Kajian perubahan sosial merupakan inti sosiologi. Hampir semua kajian sosiologi berkaitan dengan perubahan sosial. Setiap teori ilmu sosial, apa pun titik tolak konseptualnya, tentu akan tertuju pada perubahan yang menggambarkan realitas sosial.
Isu perubahan sosial telah menjadi sasaran kajian sosiologi sejak awal kelahirannya. Sosiologi lahir pada abad 19 sebagai upaya memahami transformasi fundamental dari masyarakat tradisional ke masyarakat modern, yakni munculnya tatanan masyarakat urban, industrial dan kapitalis. Kebutuhan untuk memahami perubahan sosial yang terus menerus ini benar-benar dirasakan baik oleh orang kebanyakan maupun oleh para sosiolog. Segala aspek kehidupan kita tidak terlepas dari pengaruh perubahan sosial, seperti seni, ilmu, agama, moral, pendidikan, politik, ekonomi dan lain sebagainya.[1]

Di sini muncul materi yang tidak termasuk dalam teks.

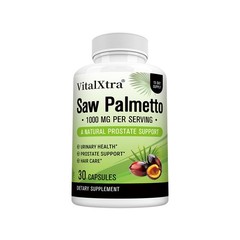 Saw palmetto herbal complex formula: protects prostate health & nourishes hair.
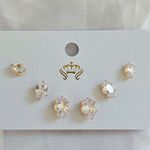 Kit De Brincos Oval Dourado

Apa yang dipikirkan orang tentang perubahan sosial, sangat besar perannya dalam mendorong orang untuk bertindak, dan karena itu sangat besar pengaruhnya terhadap jalannya perubahan sosial beserta prospeknya. Gagasan tentang perubahan menjadi sumber untuk memperkenalkan perubahan. [2]
Kaitannya dengan bahasa Arab, maka tulisan ini mencoba akan membahas tentang perspektif perubahan sosial dalam bahasa Arab yang meliputi realita, orientasi dan tantangan pendidikan bahasa Arab,  dengan tata urut meliputi pendahuluan, pembahasan dan simpulan.
2.         PEMBAHASAN
a.         Bahasa Arab
1)         Pengertian.
Dalam perspektif Islam, bahasa Arab merupakan bahasa al-Qur’an, bahasa komunikasi dan informasi antar umat Islam. Bahasa Arab selain bahasa al-Qur’an, juga identik dengan bahasa al-Hadits dan bahasa dalam shalat. Dengan bahasa Arab umat Islam dapat membaca dan memahami al-Qur’an serta mengetahui perintah dan larangannya juga hukum syari’ah yang ada di dalamnya.[3]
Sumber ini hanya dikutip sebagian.